**Supplied material**
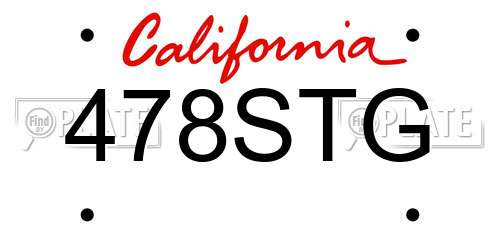 478STG California License Plate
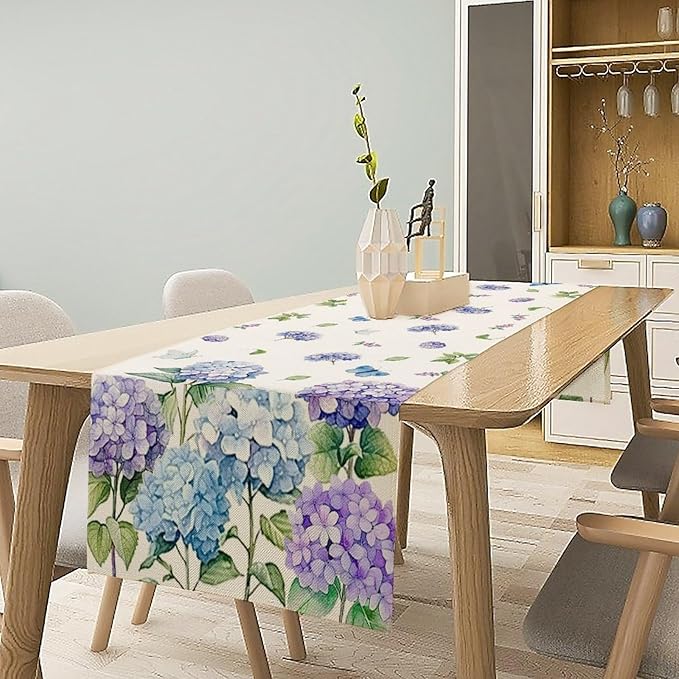 Spring Hydrangea Flower Table Runner, Seasonal Summer Plants Watercolor Florals Butterfly Dinner Runner for Home Kitchen Dining Table Party Holiday Decoration 13"x90"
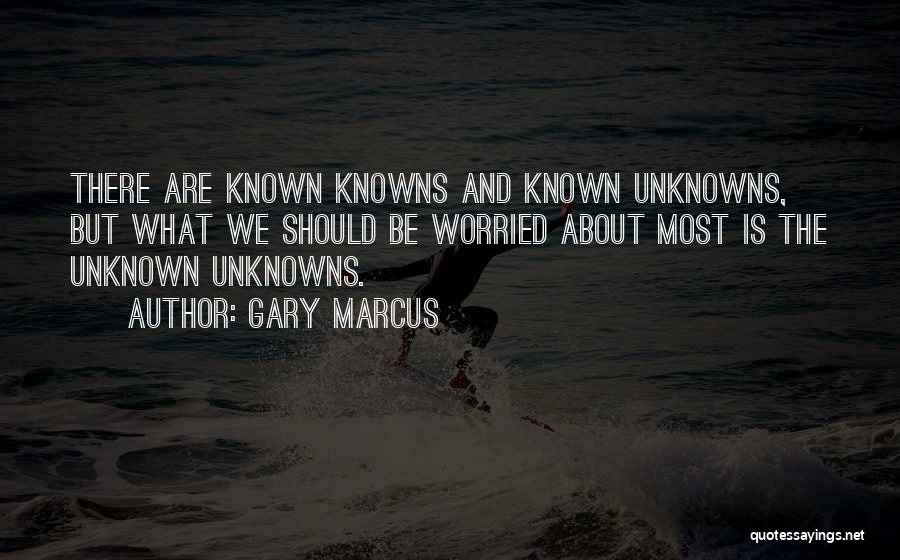 Gary Marcus Quotes: There Are Known Knowns And Known Unknowns, But What We Should Be Worried About Most Is The Unknown Unknowns.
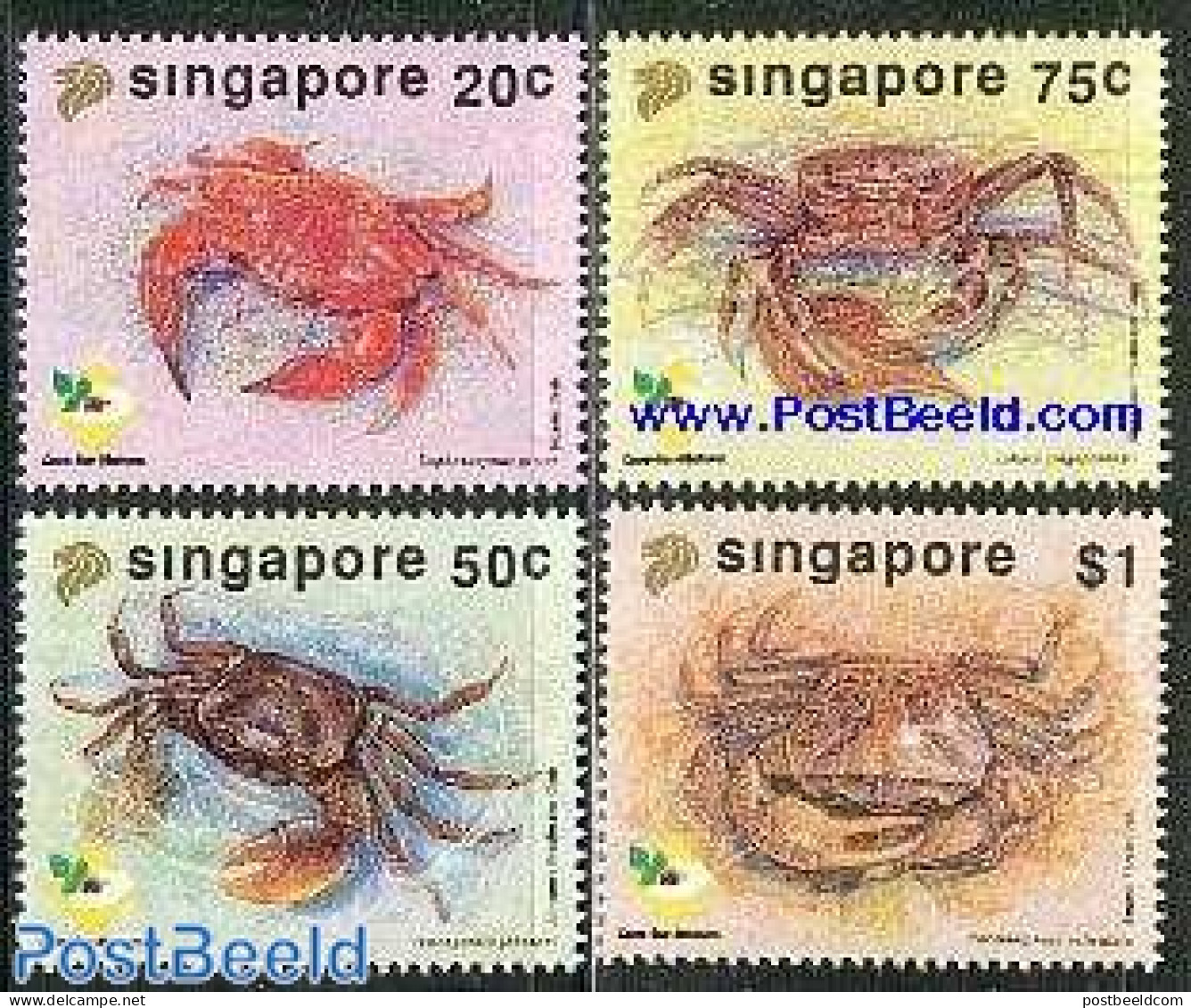 Singapore 1992 Crabs 4v, Mint NH, Nature - Shells & Crustaceans - Crabs And Lobsters - Marine Life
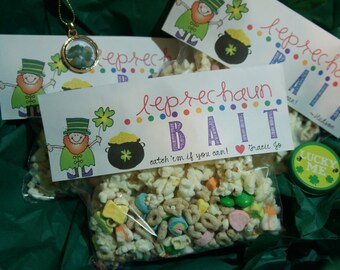 Leprechaun Bait - PRINTABLE St. Patrick's Day treat bag topper - PERSONALIZED PDF Download + bonus recipe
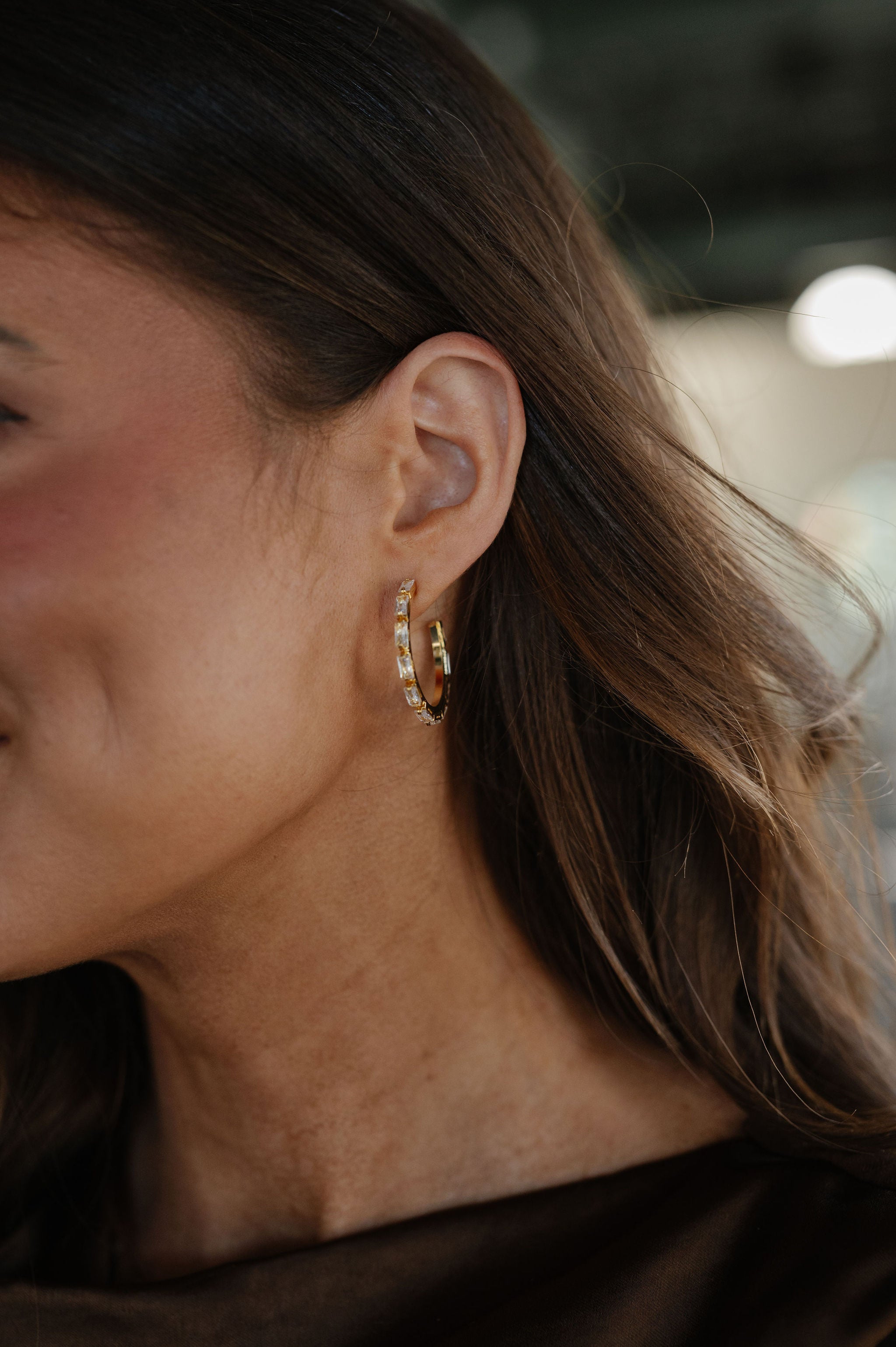 Baguette CZ Hoops-Gold *Final Sale*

**What is being asked**
Once you find the line with "Leprechaun Bait - PRINTABLE", restate it and every later line of the data word for word, excluding the pictures.

**Finished task**
 Leprechaun Bait - PRINTABLE St. Patrick's Day treat bag topper - PERSONALIZED PDF Download + bonus recipe
 Baguette CZ Hoops-Gold *Final Sale*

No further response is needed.